In the opening episode of Six Feet Under, Nate and Brenda fuck in an airport broom closet. She urges him to fuck her, but doesn’t even touch his ass. She’s got the very cute Peter Krause within arm’s reach and she doesn’t even make a grab for his ass. She holds it through his shirt. It’s like she doesn’t really want him, just his cock.
In the BBC murder mystery A Likeness In Stone a murdered woman’s best friends fuck beside the reservoir where she lies buried. The girl has barely touched the guy’s neck before she’s ripping at his pants and sitting on him. I don’t think he even had time to get a proper erection.
The 17-year-old hero of the 2002 indie hit Igby Goes Down has even less opportunity to enjoy his time in the sack. Kieran Culkin’s Igby is asleep in a trippy New York loft when his godfather’s troubled girlfriend (Amanda Peet) pulls down his pants and sits on him. Again, I’m not quite sure how that works. Surely, he needs at least a moment to achieve arousal? Again, it leaves me wondering, Why do straights always keep their clothes on during sex?

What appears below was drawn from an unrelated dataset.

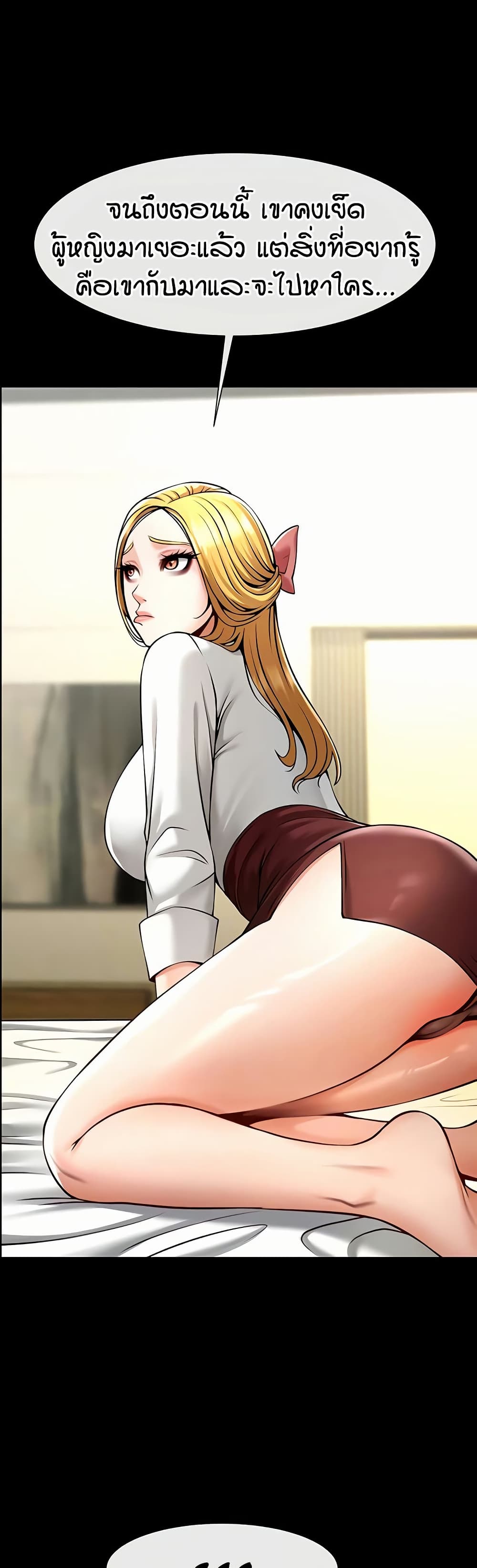 The Cheat Code Hitter Fucks Them All – The Cheat Code Hitter Fucks Them All – ตอนที่ 90 หน้า 3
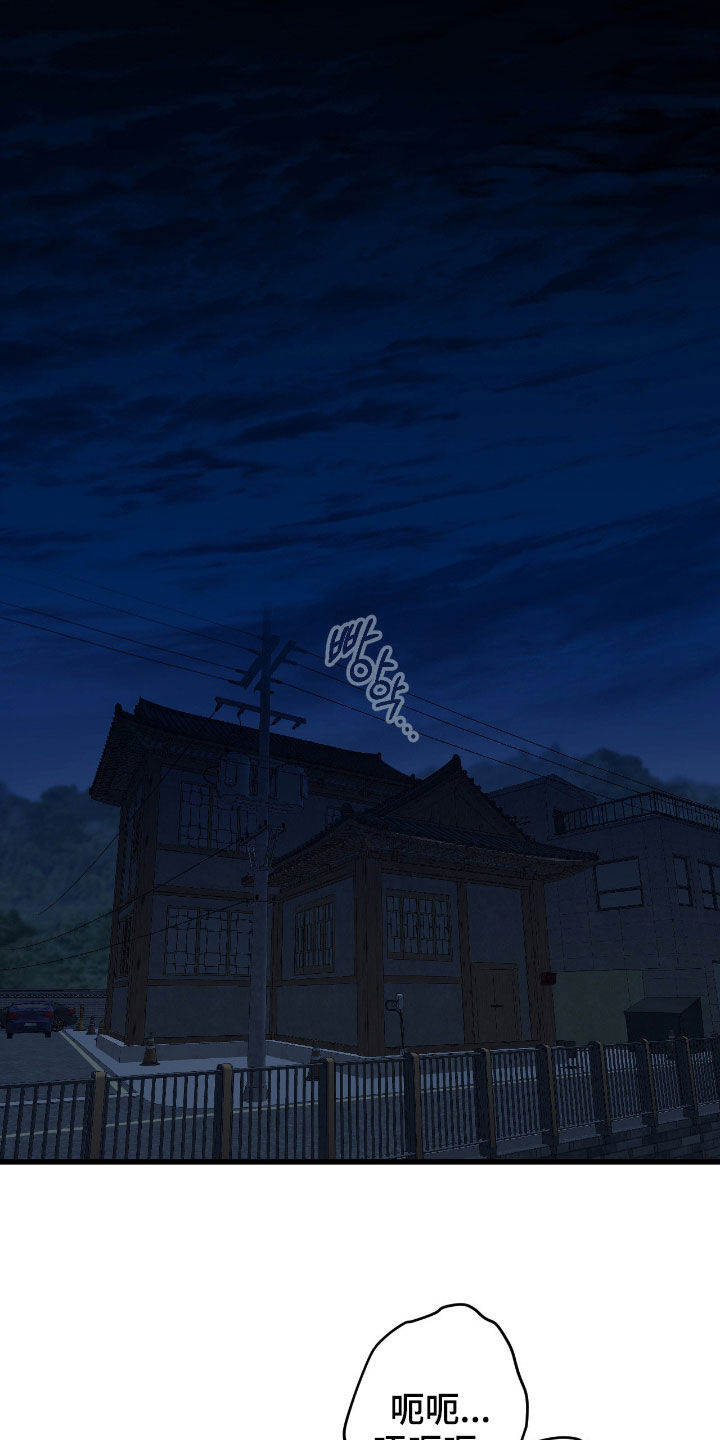 七年之渊漫画解说一口气看完漫画,第22章：想死2图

The simplest answer is that it’s an easy end run around the censor, a way of suggesting sex without actually showing too much. As long as the characters keep their clothes on, you don’t have to worry so much about getting an R- or an X-rating.
But it also suggests a certain prissy, cold-blooded approach to sex, an approach that values efficiency above enjoyment. Watching some of these scenes you begin to realize why straights had to invent the concept of foreplay. It was the only way to convince some people that there was more to sex than an efficient orgasm.
The best thing you can say about all these encounters, after all, is that they’re down and dirty. They all remind me of Erica Jong’s famous phrase, the “zipless fuck,” and her very 1970s commitment to the pleasures of uncommitted sex, except that there doesn’t seem to be much pleasure involved. It’s more like slipping a letter in the mailbox and slamming the lid. Call me an old-fashioned sensualist, but I need a little more skin-to-skin contact.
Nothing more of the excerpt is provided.